Drilling down into the deal
Pembina Pipeline will acquire Kinder Morgan Canada in an all-stock deal. It will exchange 0.3068 of its shares for each share of Kinder Morgan Canada, including Kinder Morgan's 70% stake in the company. At that exchange ratio, Pembina Pipeline is paying a whopping 38% premium for Kinder Morgan Canada based on the closing price of both stocks before the deal's announcement.
Pembina Pipeline will also buy the U.S. portion of the Cochin pipeline from Kinder Morgan for $1.55 billion in cash. That will give it full control over the cross-border pipeline. The system ships condensate to the Canadian oil sands region, where it's mixed with the bitumen produced in the area so that it flows through pipes more easily.
The companies expect both deals to close by the first half of next year.
How the transactions will affect Kinder Morgan
This deal does two things for Kinder Morgan. First, it will enable the company to exit Canada eventually. The pipeline giant began its departure last year when it sold the controversial Trans Mountain pipeline to the Canadian government. While the company will initially receive 25 million shares of Pembina (a slightly less than 5% stake), it ultimately expects to sell those shares for cash. Based on the current market value of both companies, Kinder Morgan would net $935 million in pre-tax proceeds.

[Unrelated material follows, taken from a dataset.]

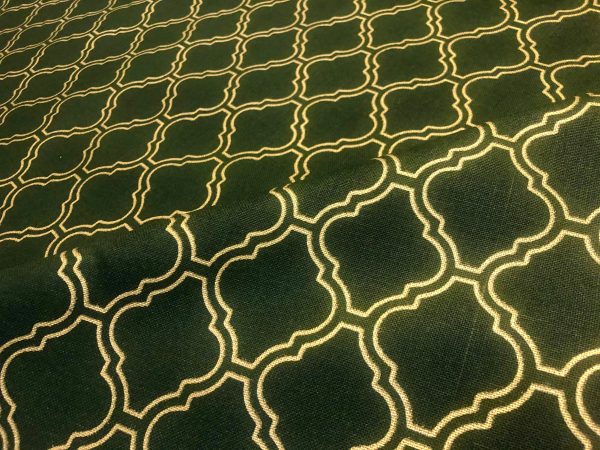Dark Green & Gold Moroccan Arabic Damask Print Fabric Curtain Material Upholstery Home Decor - 110"/280cm Wide - Image 5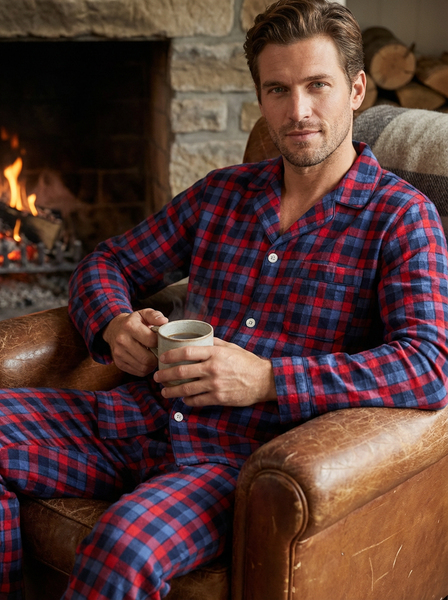 Men's 100% Cotton Flannel Pajama Set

The other benefit of this deal is that it will enhance Kinder Morgan's financial flexibility. The company will get $1.55 billion in cash when it closes the sale of the U.S. portion of the Cochin Pipeline. That implies a 13 times EBITDA multiple, which is a premium value considering that Kinder Morgan currently trades at 10.8 times its EBITDA. The company intends to use that money to pay down debt, which will push its leverage ratio down to 4.4 times net debt to adjusted EBITDA by year-end. That's an improvement from its current forecast that leverage will end 2019 at 4.6 times. Meanwhile, Kinder Morgan intends to use the eventual proceeds from the sale of its Pembina stake to buy back stock and invest in new expansion projects.
The transaction, however, will act as a near-term drag on Kinder Morgan's financial results because it will lose the earnings these assets generated. It will be able to partly offset the lost income through a lower interest expense as it pays down debt. And it will benefit from the earnings it receives from its stake in Pembina. Meanwhile, it could eventually more than offset the lost income by using its enhanced financial flexibility to strategically buy back its stock or invest in high-return expansion opportunities.
A good move by Kinder Morgan
"This is an attractive transaction for Kinder Morgan and Kinder Morgan Canada stockholders," Kinder Morgan CEO Steve Kean said. It will reduce leverage, increase its financial flexibility, and simplify its structure by hastening its exit from Canada. While the transactions will hurt earnings growth in the near term, the longer-term benefits from an enhanced financial profile should far outweigh that headwind.